To condense a thousand page novel into a lede: As the U.S. worsens, captains of industry disappear, creating a secret utopian community of their own led by John Galt, waiting to return into society until it crumbles so badly without them, the lights of New York go dark.

To condense a thousand page allegory on Objectivism into a rationale: Some people are just geniuses, and they should be left alone to produce, because their ingenuity is what allows society to flourish. Intrusion into their process is oppression.

The inherent problem of literature is that often times citing it is in itself an appearance of wisdom, superior reasoning, of being right. And as grandiose as the grunting of "Going Galt" by conservatives has been, their many detractors have disparaged an otherwise good novel.
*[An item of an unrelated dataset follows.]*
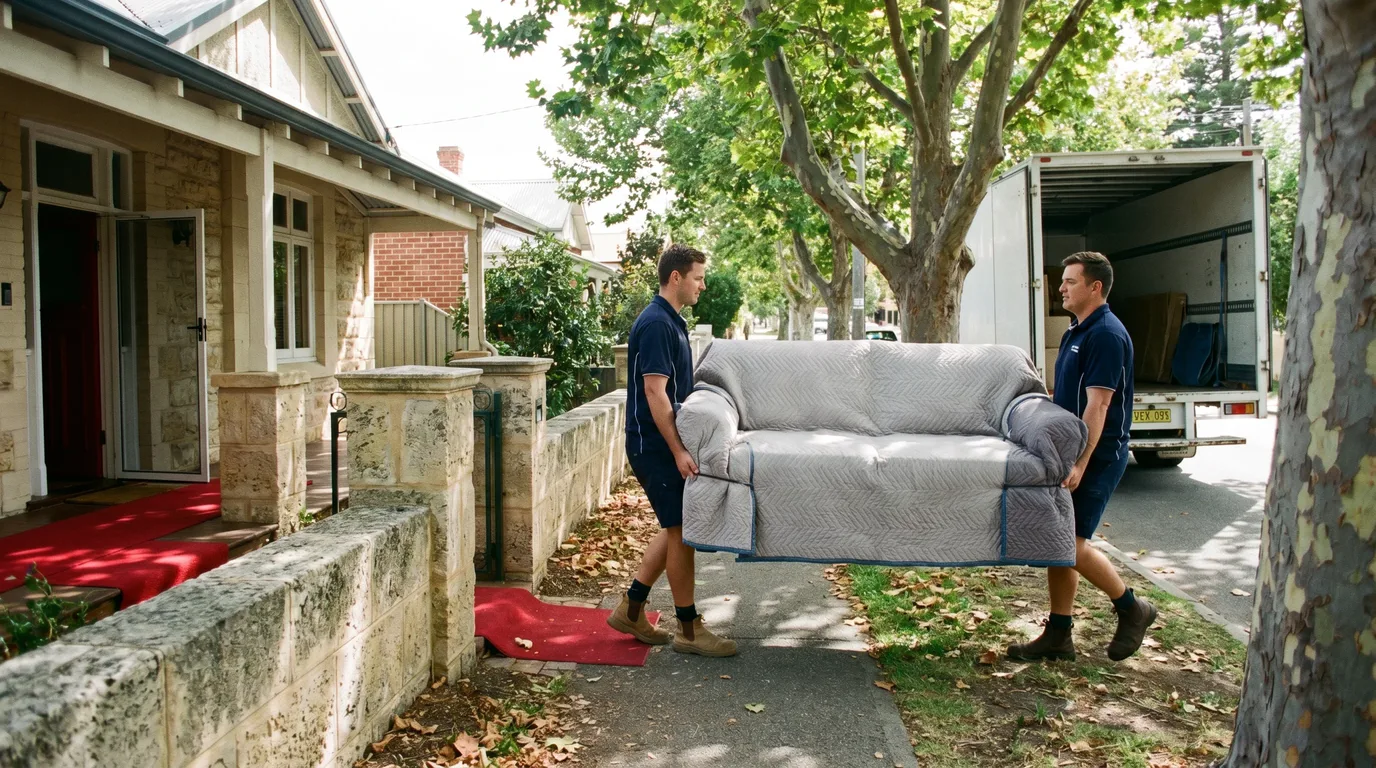 Two removalists in navy polos carry a quilt-wrapped sofa along a narrow tree-lined footpath past a heritage home, with the rear doors of their truck open on the street behind them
As long-winded as the book is, it has a cool story, and through bringing the reader into the minds of leading industrialists, it captivates the imagination and lets us fantasize about the prestige, power, and ability of being a genius in the world that Ayn Rand divines from a familiar United States in the middle of the last century.

In the heightened reality of her universe, there are the geniuses, whose innovations benefit all of us eventually, and there are the looters (haters), untalented bureaucrats who restrain the geniuses through repetitive mandates requiring their successes be shared with the government to make up for its lack of innovation. The role of the government in her book is as cartoonish as her antagonists.

It is a thousand-paged stacked deck. Ayn Rand's portrait of America is as rarefied as Norman Rockwell's.

The danger is that through reading this novel, many people become so empathetic to the heroic geniuses that they begin to believe that they are themselves geniuses. (After all, they just got through a preachy thousand-page book.)

HINT: If you needed this book to realize you are a genius, you are not a genius.

Thus, the empty threat of defection to a non-existent utopia is proffered by people who would not be eligible for said utopia.

To brag of being Galt-ian, you may as well brag about being Vulcan. Both offer some practical wisdom from their respective fictitious worlds -- but why not wear funny ears while you're at it?

There is another inherent flaw with the principle that an unencumbered genius will perform for the betterment of society. That same naivete fed Alan Greenspan, star of Ayn Rand's salon of sophists, who as Fed Chief reasoned that traders and corporations would not put out flawed products, funds or services, because to do so would obviously be of detriment to their future sustainability. The Free Market would thus be a noble marketplace where competition keeps its players serving the consumers.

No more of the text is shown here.